### Provided material
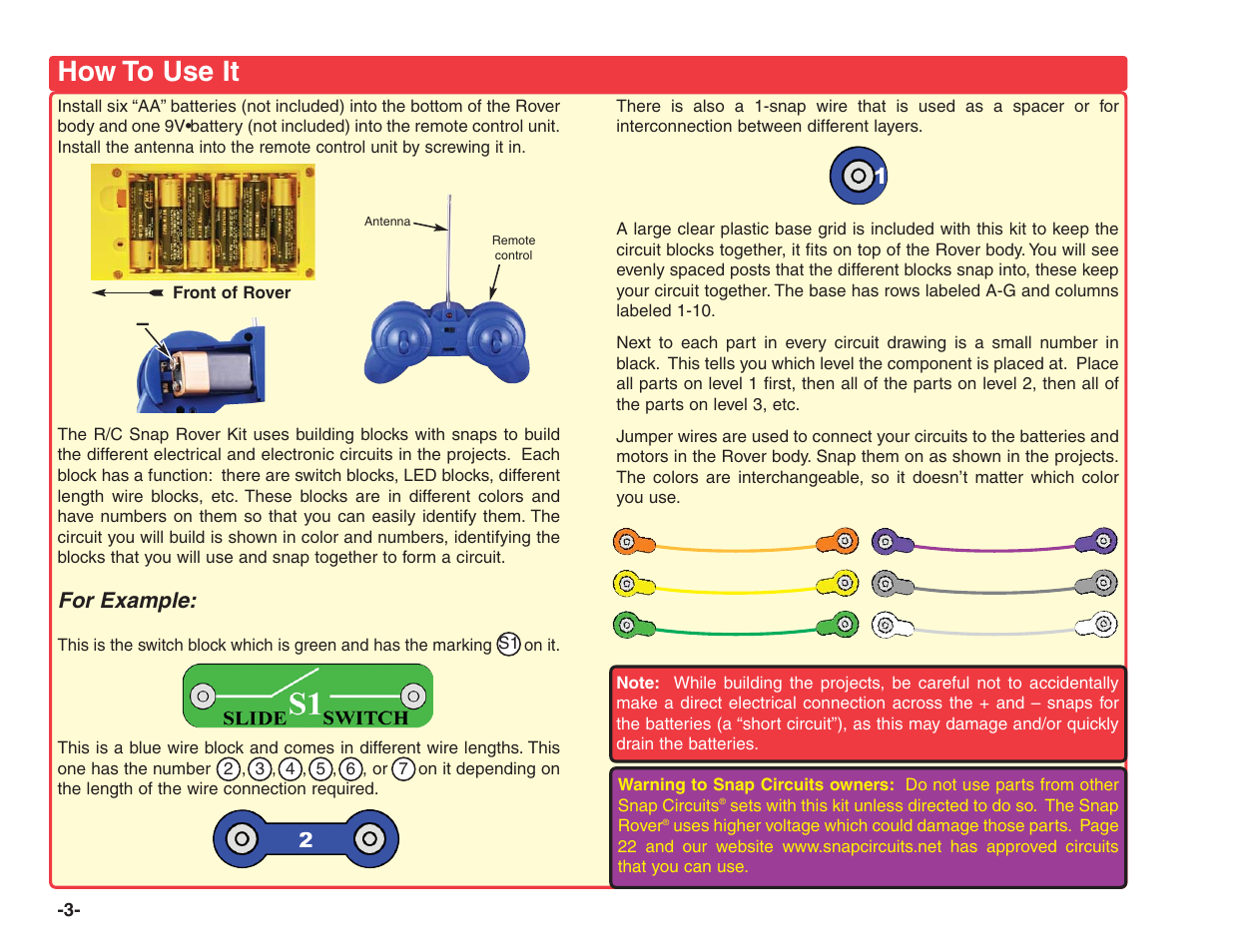 How to use it, For example | Elenco R/C Snap Rover® User Manual | Page 4 / 24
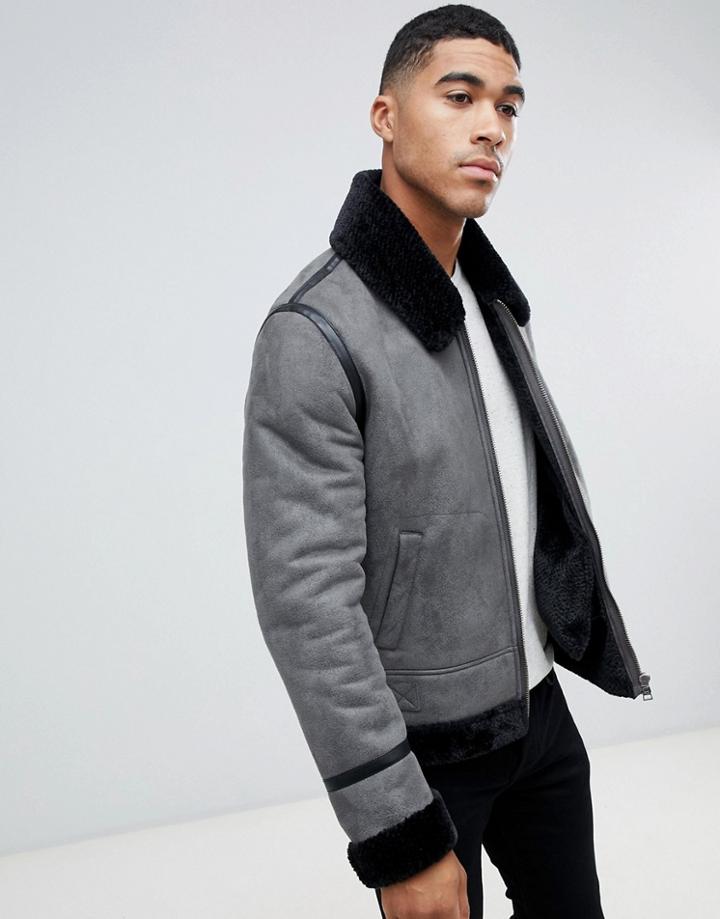 Asos Design Faux Shearling Jacket In Gray - Gray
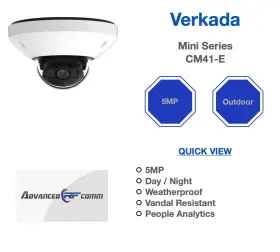 Cm41-e Verkada Mini Series 5mp Indoor / Outdoor Color Day Night Network Camera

### What you need to do
The reply should contain every line of the material exactly, and no images.

### Answer below
 How to use it, For example | Elenco R/C Snap Rover® User Manual | Page 4 / 24
 Asos Design Faux Shearling Jacket In Gray - Gray
 Cm41-e Verkada Mini Series 5mp Indoor / Outdoor Color Day Night Network Camera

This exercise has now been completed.